Estabrook majored in art while minoring in chemistry, pursuing his love for art at UA.

“It was there that I discovered my passion for oil painting, which ultimately steered me to my current career path as an artist known for my vividly colored oil paintings,” Estabrook added.

Vividly colored with a rich, heavy impasto.

“I’ve always been inspired by impressionists and the feelings that their paintings transmit when you see them in person,” he said. “I use thick impasto because it gives oil paintings an additional, physical dimension for me to play with as an artist and another layer for viewers to experience when they see my paintings in person.”

Estabrook never practiced dentistry. After finishing dental school, he had an epiphany and realized he didn’t like it. But he loved painting.

That’s not to say his pursuit of dentistry was a waste of time.

“Dental school gave me self-discipline. I have routines and practices that I might not otherwise have had that have been crucial in my success as a painter,” Estabrook explains. “Dentistry was an academically rigorous path and I learned how to put in the work.

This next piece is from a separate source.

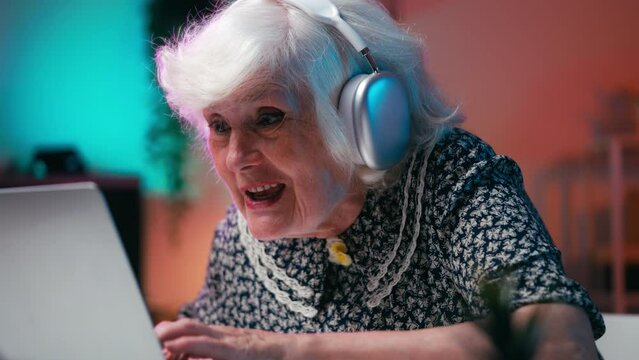 Funny senior woman in headset enjoying gaming competition on laptop, video gamer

Also, sometimes the actual process of painting is real physical work, with many hours on my feet or in weird uncomfortable positions. Because of that well-honed sense of self-discipline, I’m able to focus and push past the discomfort and distractions to do my best work and to finish what my passion and creativity ignited in each piece.”

Estabrook’s artistic journey began by channeling the frustration over his student debt into paintings of enlarged currencies. Then came the stuffed animals. In 2018, inspired by walks in Central Park and visits to the great art museums around America and Europe, he added sculpture to his practice.

“I just loved those big bronze sculptures and I knew it was something I wanted to do,” he said. “Right around that time I got some oil clay and started playing with it, one thing turned into another and I turned those into large-scale bronze sculptures and never looked back!”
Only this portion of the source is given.